In realtà, secondo JPMorgan AM si è trattato di una correzione favorevole.
Il movimento al ribasso dei rendimenti nella prima parte dell’anno, specialmente quelli con scadenze lunghe, è stato considerevole, se confrontato con gli standard storici, portandoli a livelli molto più bassi di quanto giustificato anche da una bassissima inflazione in Europa e dalla politica monetaria di allentamento. Il forte sell-off dello scorso trimestre ha indotto molti investitori a chiedersi se il lungo rally delle obbligazioni europee fosse finito. Potrebbe essere un bene per l’economia europea se i rendimenti avessero già registrato il loro punto di minimo del ciclo economico, ma è necessario ricordare che una significativa quantità di debito governativo evidenzia ancora un tasso di rendimento negativo e il 55% delle obbligazioni governative dell’Eurozona ha rendimenti più bassi dell’1%.

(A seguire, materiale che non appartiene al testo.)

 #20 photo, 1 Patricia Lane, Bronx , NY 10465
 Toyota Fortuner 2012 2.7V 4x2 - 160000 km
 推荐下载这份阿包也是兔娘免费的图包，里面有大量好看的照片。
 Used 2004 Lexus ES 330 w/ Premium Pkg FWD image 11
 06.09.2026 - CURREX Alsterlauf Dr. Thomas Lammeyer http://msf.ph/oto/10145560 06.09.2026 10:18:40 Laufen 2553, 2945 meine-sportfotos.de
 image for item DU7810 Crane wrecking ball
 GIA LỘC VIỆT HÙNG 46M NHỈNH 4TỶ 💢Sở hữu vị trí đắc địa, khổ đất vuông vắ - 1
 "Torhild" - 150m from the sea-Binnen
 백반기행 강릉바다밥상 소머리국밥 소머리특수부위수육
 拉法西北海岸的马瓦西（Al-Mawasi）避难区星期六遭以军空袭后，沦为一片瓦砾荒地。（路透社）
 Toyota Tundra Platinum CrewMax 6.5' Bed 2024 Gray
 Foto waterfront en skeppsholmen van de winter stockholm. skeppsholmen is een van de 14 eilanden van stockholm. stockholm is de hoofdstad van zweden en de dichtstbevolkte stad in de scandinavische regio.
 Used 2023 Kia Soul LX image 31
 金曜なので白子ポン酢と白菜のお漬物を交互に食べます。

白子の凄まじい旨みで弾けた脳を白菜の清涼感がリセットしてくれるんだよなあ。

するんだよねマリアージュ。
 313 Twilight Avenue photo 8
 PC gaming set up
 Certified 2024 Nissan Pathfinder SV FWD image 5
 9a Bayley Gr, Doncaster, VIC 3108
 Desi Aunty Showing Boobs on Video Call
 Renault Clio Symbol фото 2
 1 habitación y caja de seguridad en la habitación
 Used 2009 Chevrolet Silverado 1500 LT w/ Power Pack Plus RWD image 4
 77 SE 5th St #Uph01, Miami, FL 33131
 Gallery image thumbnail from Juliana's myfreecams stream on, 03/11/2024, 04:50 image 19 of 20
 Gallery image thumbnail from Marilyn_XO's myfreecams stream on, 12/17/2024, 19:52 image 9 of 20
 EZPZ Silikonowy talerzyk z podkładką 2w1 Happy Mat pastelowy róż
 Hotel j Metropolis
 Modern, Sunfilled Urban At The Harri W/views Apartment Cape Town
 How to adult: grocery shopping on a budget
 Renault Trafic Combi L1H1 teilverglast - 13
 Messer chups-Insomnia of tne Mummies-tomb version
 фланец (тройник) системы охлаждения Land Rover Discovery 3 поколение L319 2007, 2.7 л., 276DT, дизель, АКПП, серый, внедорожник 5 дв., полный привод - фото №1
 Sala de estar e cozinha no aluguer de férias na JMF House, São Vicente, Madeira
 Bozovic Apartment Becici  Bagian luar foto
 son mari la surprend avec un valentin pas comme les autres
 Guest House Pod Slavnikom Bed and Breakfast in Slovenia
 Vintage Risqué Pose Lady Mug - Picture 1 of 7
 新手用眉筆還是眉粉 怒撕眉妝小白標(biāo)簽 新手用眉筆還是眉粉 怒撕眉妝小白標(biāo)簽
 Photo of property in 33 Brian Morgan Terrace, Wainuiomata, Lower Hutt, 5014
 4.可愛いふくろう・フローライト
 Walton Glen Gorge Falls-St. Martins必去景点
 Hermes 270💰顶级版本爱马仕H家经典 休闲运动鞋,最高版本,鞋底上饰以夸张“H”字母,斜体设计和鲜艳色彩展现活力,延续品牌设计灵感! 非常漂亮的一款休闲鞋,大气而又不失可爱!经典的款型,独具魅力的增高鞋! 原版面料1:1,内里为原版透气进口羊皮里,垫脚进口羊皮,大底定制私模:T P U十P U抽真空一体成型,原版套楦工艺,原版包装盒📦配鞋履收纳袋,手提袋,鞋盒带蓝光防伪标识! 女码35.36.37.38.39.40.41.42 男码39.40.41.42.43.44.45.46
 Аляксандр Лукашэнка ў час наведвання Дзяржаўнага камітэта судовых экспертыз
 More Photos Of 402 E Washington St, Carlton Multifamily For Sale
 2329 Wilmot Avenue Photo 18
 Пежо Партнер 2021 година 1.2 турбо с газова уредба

“Ci sono ancora sviluppi sconosciuti sul caso della Grecia e l’Europa potrebbe subire dei contraccolpi dal rialzo dei tassi negli Stati Uniti. Dall’altro lato, tuttavia, non riteniamo che la crescita e il tasso di inflazione attuali nell’Eurozona siano abbastanza solidi da giustificare nel prossimo futuro un continuo movimento al rialzo dei rendimenti” aggiunge Stephanie Flanders. Negli ultimi mesi si è visto la volatilità aumentare su entrambe le sponde dell’Atlantico, ma il mercato azionario europeo è stato colpito maggiormente rispetto a quello degli Stati Uniti. Non c’è da sorprendersi in quanto l’incertezza negli Stati Uniti ora è più legata alle mosse della Fed e alle implicazioni sul reddito fisso dell’eventuale rialzo dei tassi.
“Con il rialzo dei tassi negli Stati Uniti quest’anno (e con la Banca di Inghilterra ch potrebbe muoversi a ruota), la volatilità nei mercati obbligazionari potrà solo aumentare” dichiara David Stubbs, Global Market Strategist di J.P. Morgan Asset Management che poi aggiunge: “Quando i tempi si fanno difficili, per gli investitori risulta ancora più importante diversificare. I prezzi degli attivi subiscono scossoni su base giornaliera, ma ci sono buone ragioni per pensare che sia azionario che obbligazionario possano restituire rendimenti positivi nel medio termine”.